Physicians believe that having patients who are educated about HCV would help physicians better adhere to the HCV screening recommendations. National campaigns, such as those from the Centers for Disease Control and Prevention and pharmaceutical companies, are attempting to increase awareness among birth cohort patients on the need to be HCV tested. We believe a timely, personalized HCV testing campaign directed at patients may complement existing physician-directed efforts, such as EMR prompts, to educate patients and help improve HCV testing in healthcare settings.
Text messaging may provide an efficient mode of communication to educate birth cohort patients of the need for HCV testing and is already used by 68% of clinics to deliver patient appointment reminders. Text messages could empower patients to ask their physicians about HCV testing. Unlike national media campaigns, text messages can be personalized with patients’ names and be sent to the patient immediately before their clinic appointment to help them set the agenda for their appointment.

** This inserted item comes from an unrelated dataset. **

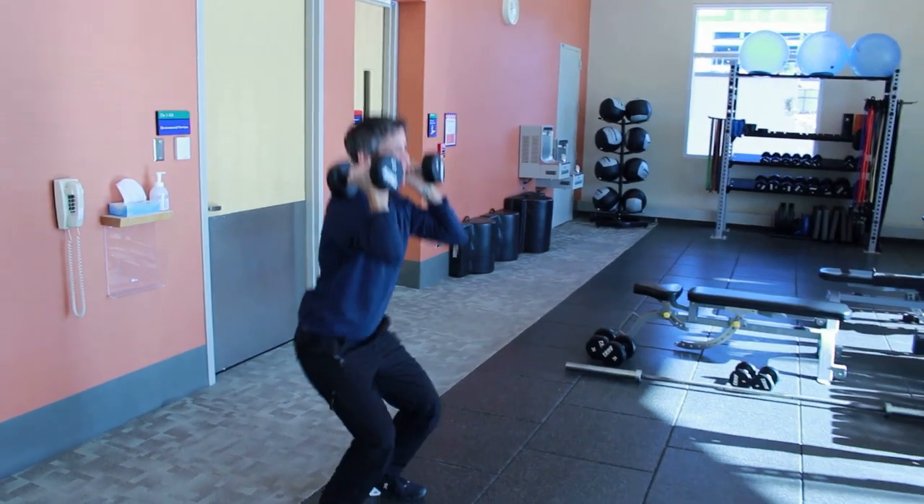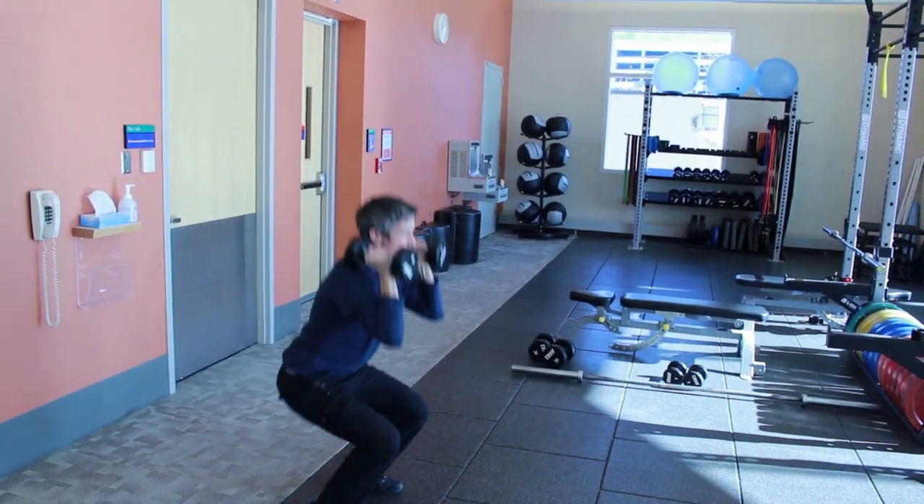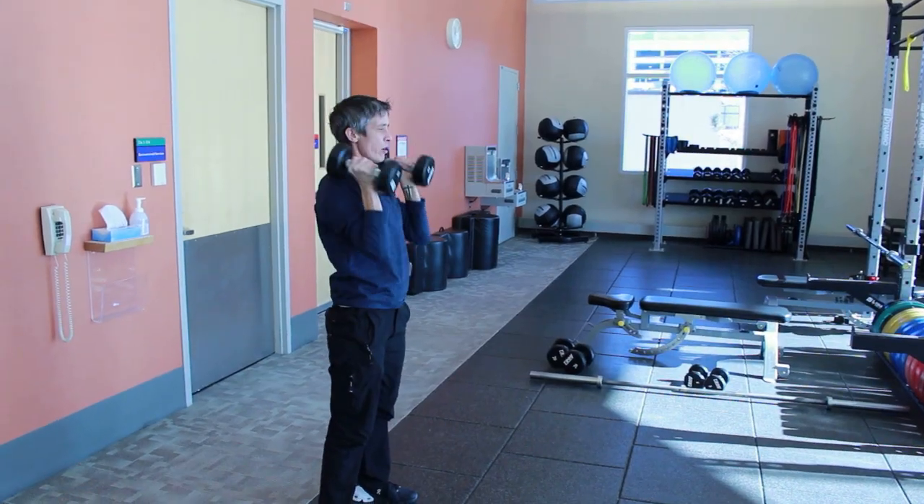Elbows are up in the front rack squat, dumbbells are at her shoulders, pushing out of the heels, and then as she comes up, we're just overhead pressing.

Our own proof of concept study (data unpublished) of a text message campaign to improve HCV testing in primary care has shown acceptability, feasibility, and a promising trend for increasing testing rates.
A multifaceted approach is needed to augment HCV testing. Physician-based EMR prompts, such as the one implemented by Yeboah-Korang et al., have shown mixed results.[1, 2, 3, 4, 5] We are optimistic that complementing physician-based BPAs with patient education and engagement would further improve HCV testing in healthcare settings.
Conflict of Interest There is no conflict of interest declared.
Yeboah-Korang A, Beig MI, Khan MQ, Goldstein JL, Macapinlac DM, Maurer D, et al. Hepatitis C screening in commercially insured U.S. birth-cohort patients: Factors associated with testing and effect of an EMR-based screening alert. J Transl Int Med 2018; 6:82-9.
MGMA Stat. Text messaging remains an effective tool for patient appointment reminders [EB/OL]. Available from: https://www.mgma.com/data/data-stories/text-messaging-remains-an-effective-tool-for-patient-appointment-remindersAccessed on August 15, 2018.
Nitsche B, Miller SC, Giorgio M, Berry CA, Muir A. Improving Hepatitis C Identification: Technology Alone Is Not the Answer. Health Promot Pract 2017;19:506-12.
Gemelas J, Locker R, Rudd S, Prevost C, Reilley B, Leston J. Impact of Screening Implementing HCV Screening of Persons Born 1945-1965: A Primary Care Case Study. J Prim Care Community Health 2015;7:30-2.